### Task brief
Among the lines of data below, reproduce only those from the one with "Invitation Mariage Kraft officiel simple" through the one with "Womens Boho Babydoll", exactly as they stand, both ends included.

Crawled caption data
◇ ◇ ◇
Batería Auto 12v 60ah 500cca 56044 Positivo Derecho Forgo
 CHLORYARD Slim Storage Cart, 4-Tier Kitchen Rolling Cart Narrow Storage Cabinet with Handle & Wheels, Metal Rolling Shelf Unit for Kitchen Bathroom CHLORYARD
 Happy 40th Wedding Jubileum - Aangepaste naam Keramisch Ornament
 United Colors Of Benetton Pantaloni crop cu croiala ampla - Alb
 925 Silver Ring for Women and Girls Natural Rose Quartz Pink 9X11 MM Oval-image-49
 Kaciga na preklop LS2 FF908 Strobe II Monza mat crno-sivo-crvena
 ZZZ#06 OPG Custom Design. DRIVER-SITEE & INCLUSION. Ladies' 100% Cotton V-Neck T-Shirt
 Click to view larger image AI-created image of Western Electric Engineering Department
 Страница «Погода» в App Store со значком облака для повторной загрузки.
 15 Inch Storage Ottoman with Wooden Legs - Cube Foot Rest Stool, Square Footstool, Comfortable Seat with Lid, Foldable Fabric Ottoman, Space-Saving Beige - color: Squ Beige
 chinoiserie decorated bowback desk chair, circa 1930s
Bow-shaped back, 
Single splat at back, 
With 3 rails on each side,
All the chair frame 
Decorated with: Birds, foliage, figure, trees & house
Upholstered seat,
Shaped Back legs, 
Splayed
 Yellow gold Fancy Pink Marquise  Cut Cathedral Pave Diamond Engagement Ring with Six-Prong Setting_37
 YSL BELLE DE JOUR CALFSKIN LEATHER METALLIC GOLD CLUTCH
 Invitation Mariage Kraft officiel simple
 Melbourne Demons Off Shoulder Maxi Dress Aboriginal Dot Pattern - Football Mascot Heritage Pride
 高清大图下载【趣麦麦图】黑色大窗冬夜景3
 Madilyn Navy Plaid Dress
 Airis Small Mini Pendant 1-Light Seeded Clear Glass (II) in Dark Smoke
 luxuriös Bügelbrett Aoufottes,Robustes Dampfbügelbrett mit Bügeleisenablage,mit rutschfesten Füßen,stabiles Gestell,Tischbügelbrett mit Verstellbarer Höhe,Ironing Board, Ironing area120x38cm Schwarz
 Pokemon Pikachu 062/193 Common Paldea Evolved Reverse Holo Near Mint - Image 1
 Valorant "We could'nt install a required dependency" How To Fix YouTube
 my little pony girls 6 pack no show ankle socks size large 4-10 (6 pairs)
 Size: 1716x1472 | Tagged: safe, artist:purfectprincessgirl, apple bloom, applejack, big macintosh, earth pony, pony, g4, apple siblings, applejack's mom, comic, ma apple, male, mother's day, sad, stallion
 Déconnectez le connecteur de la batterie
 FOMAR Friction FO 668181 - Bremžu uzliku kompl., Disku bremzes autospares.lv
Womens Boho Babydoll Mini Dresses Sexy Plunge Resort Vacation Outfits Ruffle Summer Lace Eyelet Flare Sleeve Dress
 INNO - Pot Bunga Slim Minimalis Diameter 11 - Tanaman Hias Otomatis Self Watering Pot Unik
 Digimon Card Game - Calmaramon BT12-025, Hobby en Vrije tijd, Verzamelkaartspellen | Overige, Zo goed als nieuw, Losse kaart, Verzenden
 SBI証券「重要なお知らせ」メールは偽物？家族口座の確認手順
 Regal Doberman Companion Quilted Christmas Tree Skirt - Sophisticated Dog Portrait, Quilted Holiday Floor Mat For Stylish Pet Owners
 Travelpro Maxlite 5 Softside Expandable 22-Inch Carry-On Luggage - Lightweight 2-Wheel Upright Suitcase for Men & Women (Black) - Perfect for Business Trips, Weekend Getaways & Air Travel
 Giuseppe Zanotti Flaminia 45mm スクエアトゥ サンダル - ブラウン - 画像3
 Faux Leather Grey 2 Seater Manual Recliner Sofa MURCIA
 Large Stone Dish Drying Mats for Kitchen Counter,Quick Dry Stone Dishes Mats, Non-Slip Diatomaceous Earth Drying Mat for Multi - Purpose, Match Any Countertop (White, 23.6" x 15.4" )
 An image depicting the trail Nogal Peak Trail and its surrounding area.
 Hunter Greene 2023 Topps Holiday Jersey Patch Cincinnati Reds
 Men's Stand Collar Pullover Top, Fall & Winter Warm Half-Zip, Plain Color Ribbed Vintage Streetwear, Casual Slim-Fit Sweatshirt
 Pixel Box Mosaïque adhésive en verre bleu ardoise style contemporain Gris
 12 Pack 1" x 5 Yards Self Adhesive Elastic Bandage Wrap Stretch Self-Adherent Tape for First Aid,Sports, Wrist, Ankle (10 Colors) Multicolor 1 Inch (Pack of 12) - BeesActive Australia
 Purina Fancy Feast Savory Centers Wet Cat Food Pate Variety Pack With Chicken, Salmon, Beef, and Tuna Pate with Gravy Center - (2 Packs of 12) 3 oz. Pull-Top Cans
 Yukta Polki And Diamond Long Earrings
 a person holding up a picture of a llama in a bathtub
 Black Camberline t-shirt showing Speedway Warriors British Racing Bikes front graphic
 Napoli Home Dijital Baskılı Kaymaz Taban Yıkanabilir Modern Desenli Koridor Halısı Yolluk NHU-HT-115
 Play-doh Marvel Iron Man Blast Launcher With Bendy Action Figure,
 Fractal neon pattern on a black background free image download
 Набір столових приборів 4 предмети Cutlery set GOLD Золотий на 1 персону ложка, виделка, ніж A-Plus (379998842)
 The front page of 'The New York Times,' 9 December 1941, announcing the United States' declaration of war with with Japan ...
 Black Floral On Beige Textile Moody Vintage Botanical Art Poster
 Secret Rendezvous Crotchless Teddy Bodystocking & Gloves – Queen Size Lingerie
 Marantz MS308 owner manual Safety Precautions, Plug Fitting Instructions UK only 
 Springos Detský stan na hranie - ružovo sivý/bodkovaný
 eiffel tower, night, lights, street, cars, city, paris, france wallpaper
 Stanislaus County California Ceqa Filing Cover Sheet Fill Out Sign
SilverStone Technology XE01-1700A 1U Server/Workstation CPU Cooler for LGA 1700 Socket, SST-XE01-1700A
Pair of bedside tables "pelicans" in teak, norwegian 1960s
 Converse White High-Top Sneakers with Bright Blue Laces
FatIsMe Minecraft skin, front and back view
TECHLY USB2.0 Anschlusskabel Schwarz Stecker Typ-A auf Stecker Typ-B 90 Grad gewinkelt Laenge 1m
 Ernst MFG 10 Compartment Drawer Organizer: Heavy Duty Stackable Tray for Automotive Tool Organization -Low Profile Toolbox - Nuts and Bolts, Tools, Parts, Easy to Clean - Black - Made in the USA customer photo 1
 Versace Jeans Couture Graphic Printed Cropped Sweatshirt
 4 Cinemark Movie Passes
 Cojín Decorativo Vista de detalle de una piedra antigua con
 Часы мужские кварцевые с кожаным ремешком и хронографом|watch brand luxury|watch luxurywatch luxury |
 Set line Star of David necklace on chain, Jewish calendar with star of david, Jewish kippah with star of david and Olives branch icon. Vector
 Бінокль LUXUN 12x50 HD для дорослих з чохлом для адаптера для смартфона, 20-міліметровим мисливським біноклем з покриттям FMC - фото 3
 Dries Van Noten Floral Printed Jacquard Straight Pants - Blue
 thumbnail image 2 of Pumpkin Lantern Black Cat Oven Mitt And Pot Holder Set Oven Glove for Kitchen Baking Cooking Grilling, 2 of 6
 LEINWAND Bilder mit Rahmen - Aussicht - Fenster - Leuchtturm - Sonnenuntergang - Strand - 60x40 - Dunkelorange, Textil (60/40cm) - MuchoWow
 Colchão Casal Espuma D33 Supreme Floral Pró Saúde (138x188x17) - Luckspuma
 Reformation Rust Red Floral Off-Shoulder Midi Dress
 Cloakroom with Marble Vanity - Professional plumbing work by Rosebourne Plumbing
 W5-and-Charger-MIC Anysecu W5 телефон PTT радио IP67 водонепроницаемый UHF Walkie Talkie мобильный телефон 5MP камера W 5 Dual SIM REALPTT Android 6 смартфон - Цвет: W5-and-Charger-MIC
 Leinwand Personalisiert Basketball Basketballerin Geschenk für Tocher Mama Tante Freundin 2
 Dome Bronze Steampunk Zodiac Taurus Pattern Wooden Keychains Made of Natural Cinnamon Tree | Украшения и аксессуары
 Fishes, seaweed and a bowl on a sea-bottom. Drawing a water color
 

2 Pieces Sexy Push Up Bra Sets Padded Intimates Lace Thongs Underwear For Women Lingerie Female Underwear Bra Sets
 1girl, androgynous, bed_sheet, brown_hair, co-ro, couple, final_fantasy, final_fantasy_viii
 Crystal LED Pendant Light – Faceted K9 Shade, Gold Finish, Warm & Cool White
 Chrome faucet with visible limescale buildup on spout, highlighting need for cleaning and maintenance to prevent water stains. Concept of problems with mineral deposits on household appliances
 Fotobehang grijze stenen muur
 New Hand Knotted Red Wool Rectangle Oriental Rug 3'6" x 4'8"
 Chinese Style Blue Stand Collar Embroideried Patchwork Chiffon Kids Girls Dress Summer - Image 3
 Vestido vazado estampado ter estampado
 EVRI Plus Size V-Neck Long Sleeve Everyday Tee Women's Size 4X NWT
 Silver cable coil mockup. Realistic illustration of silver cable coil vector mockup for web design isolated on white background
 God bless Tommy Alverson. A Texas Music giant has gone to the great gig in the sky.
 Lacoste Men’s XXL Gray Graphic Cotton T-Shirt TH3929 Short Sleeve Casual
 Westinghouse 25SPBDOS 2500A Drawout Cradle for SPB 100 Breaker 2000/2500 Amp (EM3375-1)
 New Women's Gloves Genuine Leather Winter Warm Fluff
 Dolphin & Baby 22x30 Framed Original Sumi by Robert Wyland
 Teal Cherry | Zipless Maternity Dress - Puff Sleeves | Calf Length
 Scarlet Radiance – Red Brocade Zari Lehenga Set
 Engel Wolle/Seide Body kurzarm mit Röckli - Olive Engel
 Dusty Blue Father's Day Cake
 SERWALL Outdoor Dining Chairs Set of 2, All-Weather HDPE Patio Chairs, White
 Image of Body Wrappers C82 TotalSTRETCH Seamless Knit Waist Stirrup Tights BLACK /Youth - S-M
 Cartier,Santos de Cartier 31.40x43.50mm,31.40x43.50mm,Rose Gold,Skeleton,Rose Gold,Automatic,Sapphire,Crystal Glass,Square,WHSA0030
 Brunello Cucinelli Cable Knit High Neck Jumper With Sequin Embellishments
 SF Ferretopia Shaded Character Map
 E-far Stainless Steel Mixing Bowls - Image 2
◇ ◇ ◇
### Written response
 Invitation Mariage Kraft officiel simple
 Melbourne Demons Off Shoulder Maxi Dress Aboriginal Dot Pattern - Football Mascot Heritage Pride
 高清大图下载【趣麦麦图】黑色大窗冬夜景3
 Madilyn Navy Plaid Dress
 Airis Small Mini Pendant 1-Light Seeded Clear Glass (II) in Dark Smoke
 luxuriös Bügelbrett Aoufottes,Robustes Dampfbügelbrett mit Bügeleisenablage,mit rutschfesten Füßen,stabiles Gestell,Tischbügelbrett mit Verstellbarer Höhe,Ironing Board, Ironing area120x38cm Schwarz
 Pokemon Pikachu 062/193 Common Paldea Evolved Reverse Holo Near Mint - Image 1
 Valorant "We could'nt install a required dependency" How To Fix YouTube
 my little pony girls 6 pack no show ankle socks size large 4-10 (6 pairs)
 Size: 1716x1472 | Tagged: safe, artist:purfectprincessgirl, apple bloom, applejack, big macintosh, earth pony, pony, g4, apple siblings, applejack's mom, comic, ma apple, male, mother's day, sad, stallion
 Déconnectez le connecteur de la batterie
 FOMAR Friction FO 668181 - Bremžu uzliku kompl., Disku bremzes autospares.lv
Womens Boho Babydoll Mini Dresses Sexy Plunge Resort Vacation Outfits Ruffle Summer Lace Eyelet Flare Sleeve Dress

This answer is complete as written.